About scaling continuous delivery to Walmart.

I am Dana Finster.

I am a CD evangelist and senior software engineer in information security.

I'm Bryan Finster.

I'm a staff software engineer and team lead for the CD Sherpa team, and we work for a small retailer in Northwest Arkansas.

You may have heard of it.

In 1950, Sam Walton opened his first small little Walton five-and-dime.

But today, Walmart employs 2.3 million associates who support almost 12,000 stores in 28 countries worldwide, with half a trillion dollars in sales annually.

This is our scale.

Yeah.

And on the IT...

Ooh, that's loud.

On the IT side, we've got hundreds of development teams worldwide deploying to hundreds of thousands of nodes supporting every business we have.

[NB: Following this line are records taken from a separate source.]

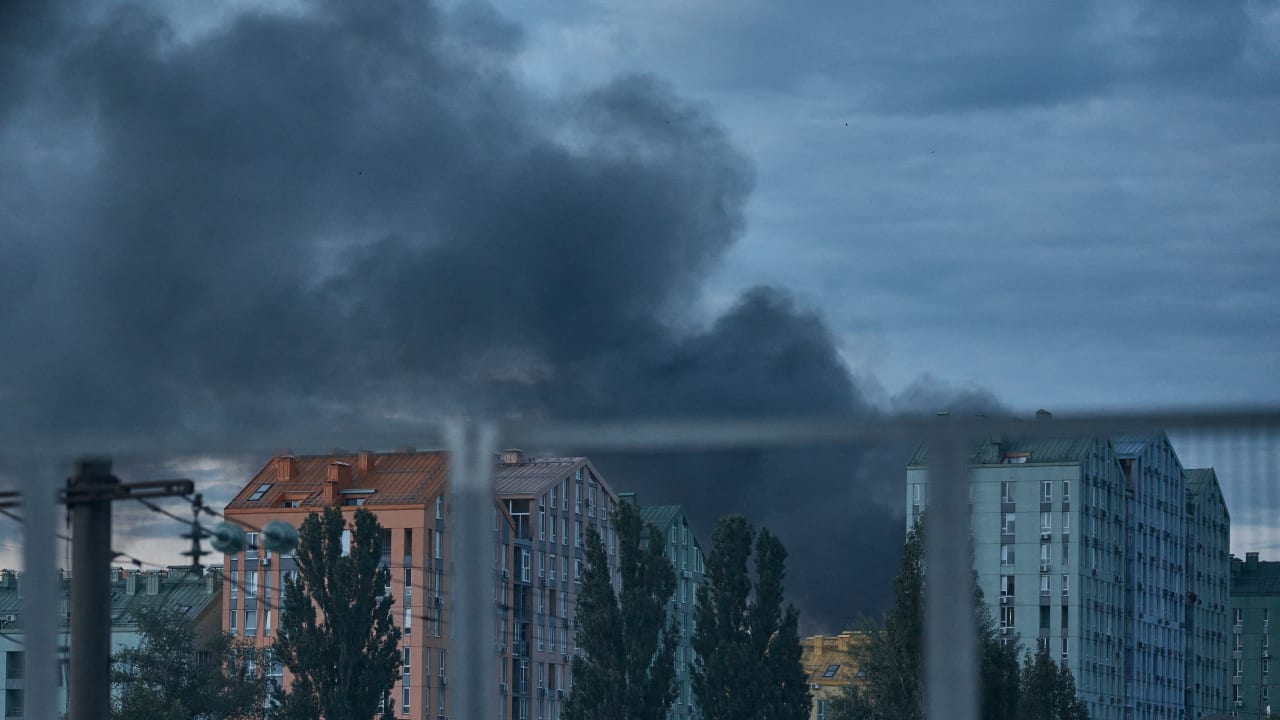 Smokes rises after a Russian ballistic missile strike hit a roadway in Kyiv's Darnytskyi district, where a traffic-light control electrical cabinet caught fire and windows were shattered in nearby residential buildings on July 11, 2026 in Kyiv, Ukraine.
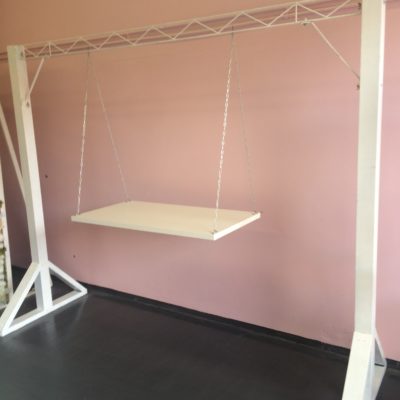 White arbor with cake swing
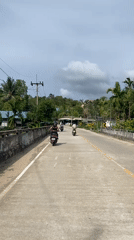 Morning motorcycle traffic observed on rural Thailand roads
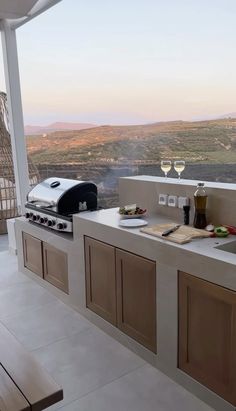 an outdoor kitchen with grill, sink and wine glass on the counter top overlooking mountains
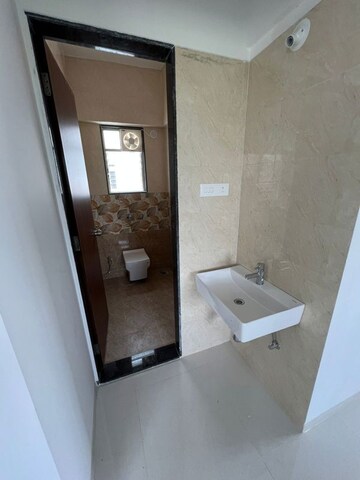 Bathroom in 4 BHK Apartment at Sahajanand Society – for Sale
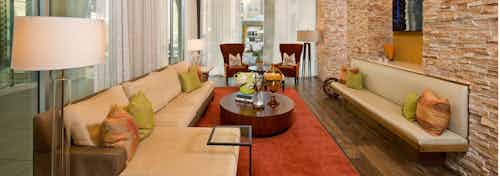 Interior of AMLI RidgeGate clubroom with sheer curtains, gold tone suede sectional facing stacked tone wall and flat panel TV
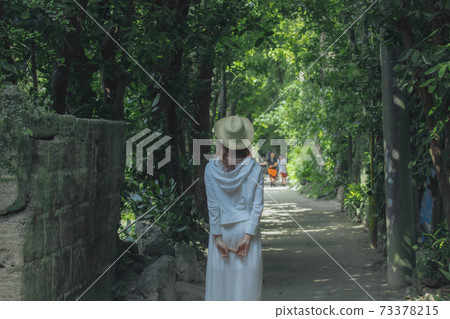 The back of a woman wearing a straw hat The back of a woman wearing a straw hat 73378215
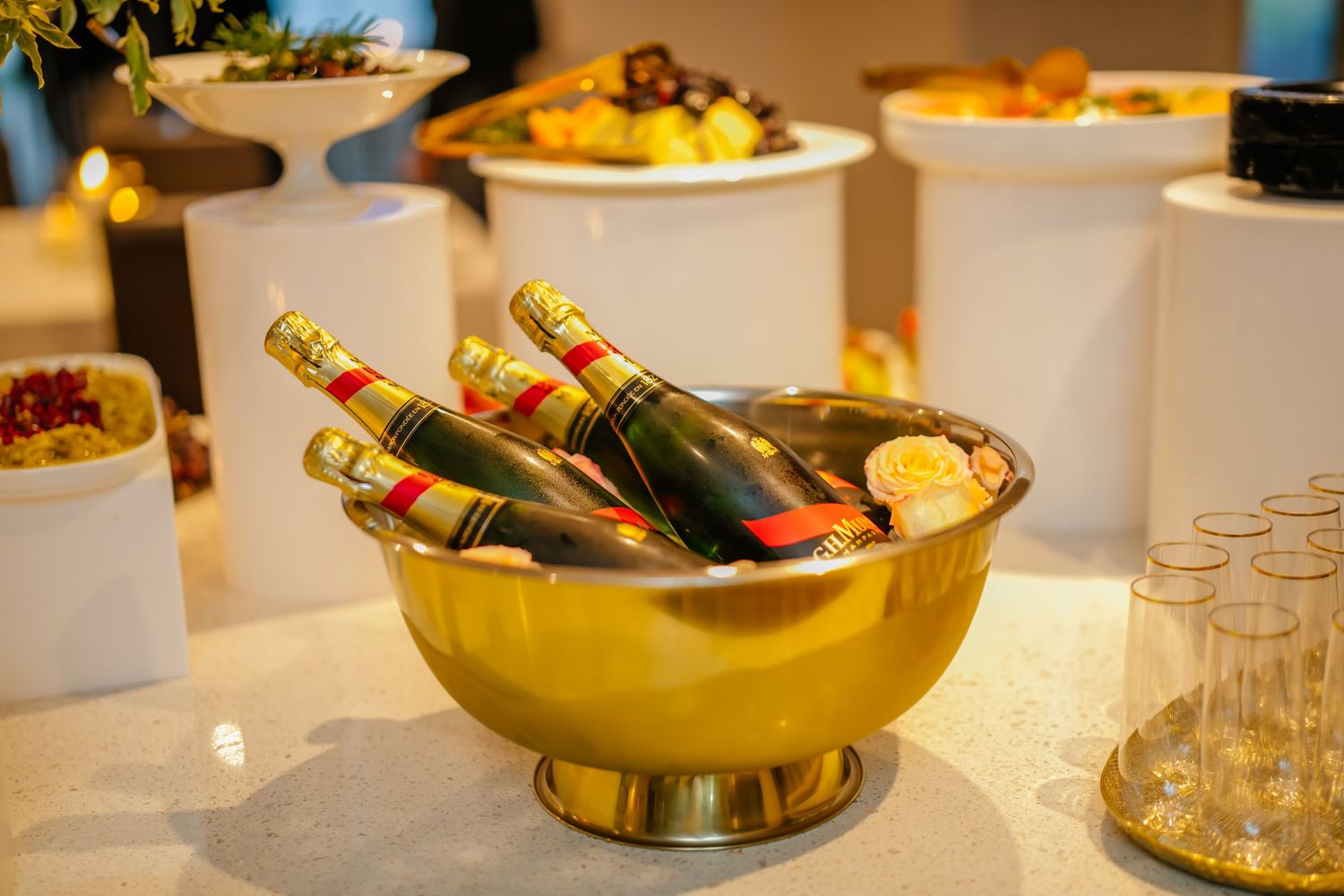 Assorted cigars displayed in elegant gold metallic bowls or vessels with clear glassware nearby on a white surface.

And we have really diverse tech stacks, everything from mainframe and C to Go.

And we're here to talk about scaling DevOps to this size, to Walmart size.

So let's start with the first rule of DevOps.

Everyone knows the first rule of DevOps, right?

Don't talk about DevOps.

DevOps is overloaded.

The term is interpreted in many different and often confusing ways.

You can't just go out and buy the DevOps.

You can't hire the DevOps.

But at its core, DevOps is really simple, right?

The people collaborating together using lean process and heavy automation to deliver quality software rapidly.

But if we don't talk about the DevOps, what is it that we talk about?

And what we do is we focus in on the outcomes that we're looking for and foster the culture to attain them.

We're all here looking for the same outcome, right?

To deliver quality software rapidly.

And the key to the culture change that's needed to attain that outcome is our people and our teams.

And we know from experience, we spoke about this last year, that we can grow really effective development teams by having that team focused on trunk-based continuous integration, real continuous integration, and reducing the delivery increments, and keep driving down that batch size and asking, "Why can't we deliver today?" And solving those problems.

The act of that team solving the problem not only makes the team be really good problem-solvers, but it generates a lot of teamwork.

You get a really effective team that can deliver value very rapidly.

The team that I came from, we went from zero to 12 deliveries a day to production.

Yeah.

So we started by holding annual DevOps events to educate people about the concepts of DevOps and continuous delivery.

Oops, sorry.

Go ahead.

No, go ahead.

The way we're approaching scaling this to Walmart, you can't go team to team to change it, but we're taking an approach of using gamified metrics, a culture and sharing community, a unified deploy platform, which is really key, and Sherpa guides to help teams with any struggles that they have.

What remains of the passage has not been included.